I am trying to install FormMaker Pro. It uses .php scripts and MySql. I get the install.php script to run but when I enter the info I get "could not connect to MySql Server". I dont know much about MySql but I do know it is running and it allowed me to create a database to use with the form program.

Running:
Windows Server 2003 SR1
IIS 6.0 with .php extension allowed
PHP 4.3.11
MySql 4.0

Thanks in advance for your help.


----------



## webdiva (Dec 31, 2004)

Make sure you have write permissions on the database.


----------



## jeffshead (Sep 10, 2005)

I have the same issue. I know nothing about MySQL. I have Miniportal up and running with FTP, MySQL, all the plug-ins, etc... Did you ever figure out how to get eveything working. Do I have to manually set up a database or table or somthing to get Formmaker to work? I get the install.php script to run but when I enter the info I get "could not connect to MySql Server" I do not know what to enter for MySQL host, login, password, database name nor do I know where to find the info. I searched Google but could not find anything other than this post. Are there any security issues such as setting passwords? Can anyone help me!!! It would be greatly appreciated.


----------



## Monk_ (Sep 7, 2001)

jeffshead: no I havent gotten Form Maker to work. Their support has be terrible. To answer some of your questions:
Database location should be localhost
MySql login should be root
MySql password is what you set when you installed MySql
If you havent created a database use test for the MySql database name.
The other stuff is for the Form Maker login so they can be whatever you want.
Hope this helps becase MitriDat isnt any help.


----------



## jeffshead (Sep 10, 2005)

Thanks Monk.

I stopped getting the "could not connect to MySQL server" error after I created a new database and made a user and password for the new database. Now, after I enter info into the "install.php" script, I get the Apache "Forbidden" error you get when you try to access a directory you don't have permission for. I don't understand this because I was able to access the "install.php" which is in the same folder. The "install.php" even writes the tables in the new database. I don't know if I need to change a config file for permission or what.


----------



## jeffshead (Sep 10, 2005)

I made it one step further. Their tech support sucks. I found out from Instant Servers (maker of Miniportal) that I had to add default file types (index.cgi index.pl index.php index.xhtml) to the global settings. I guess this adds a line to the httpd.config file.

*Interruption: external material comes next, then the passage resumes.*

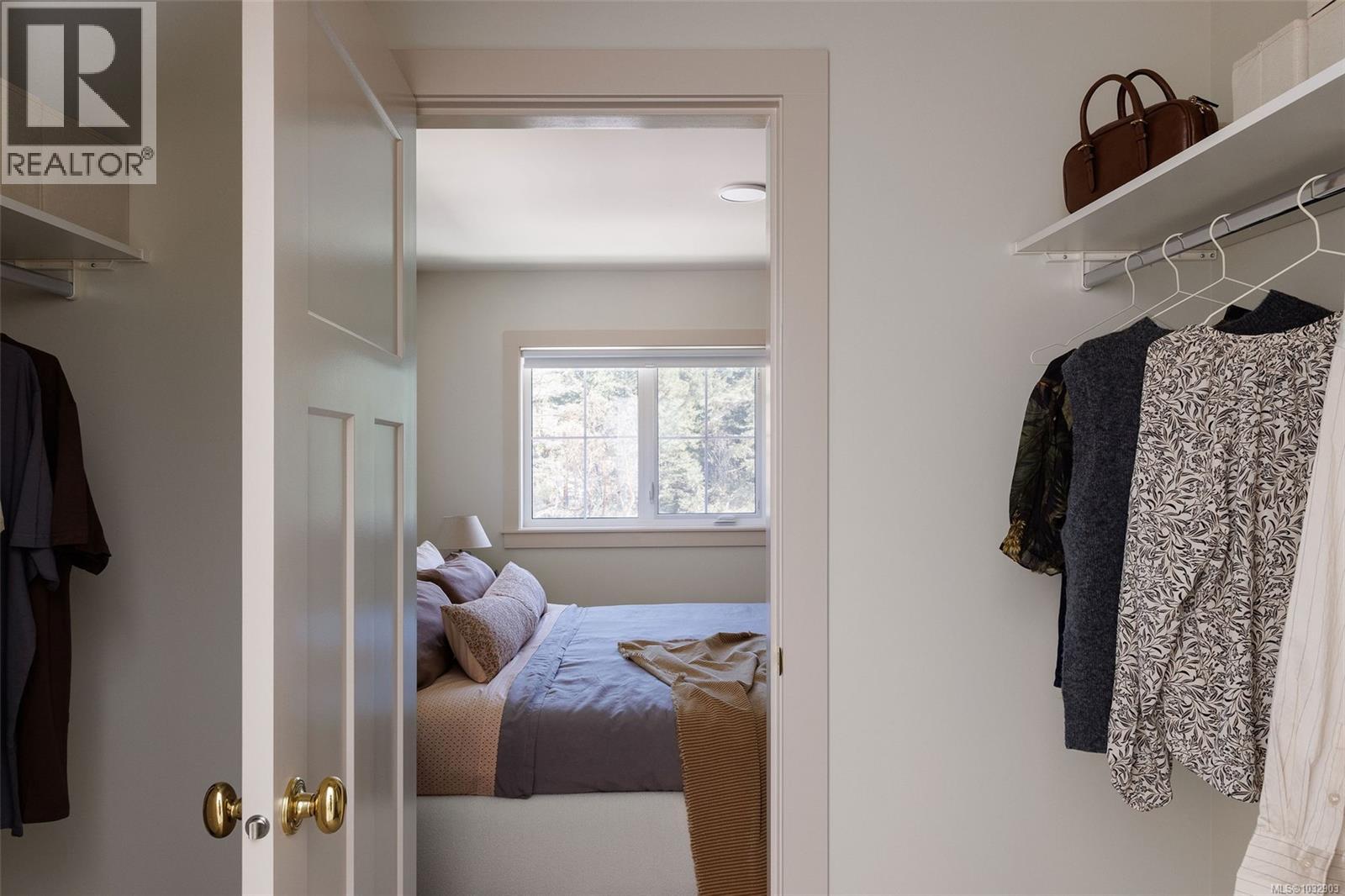  3522 Greystone Close, Langford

Now I can install FormMaker, and generate forms, but it will not process them. When I test a form, it looks for a directory that does not exist and I get "The page cannot be found" eror. The directory it looks for is:
http://www.***.com/php/users/formprocessorpro.php

I even tried to create this directory and it still does not work. The "users/formprocessorpro.php" portion of the address is actually installed in the installation directory of Form Maker Pro.

I am still waiting for a reply to my last three e-mails to MitriDat.


----------



## Monk_ (Sep 7, 2001)

jeffshead, thanks for the info but I decided Form Maker isn't worth the effort since they wont support it properly. I went to an online form processor and it works fine. I did find a pretty good sendmail program you may want to look at:
http://www.tech-pro.net/software.html
Good luck.


----------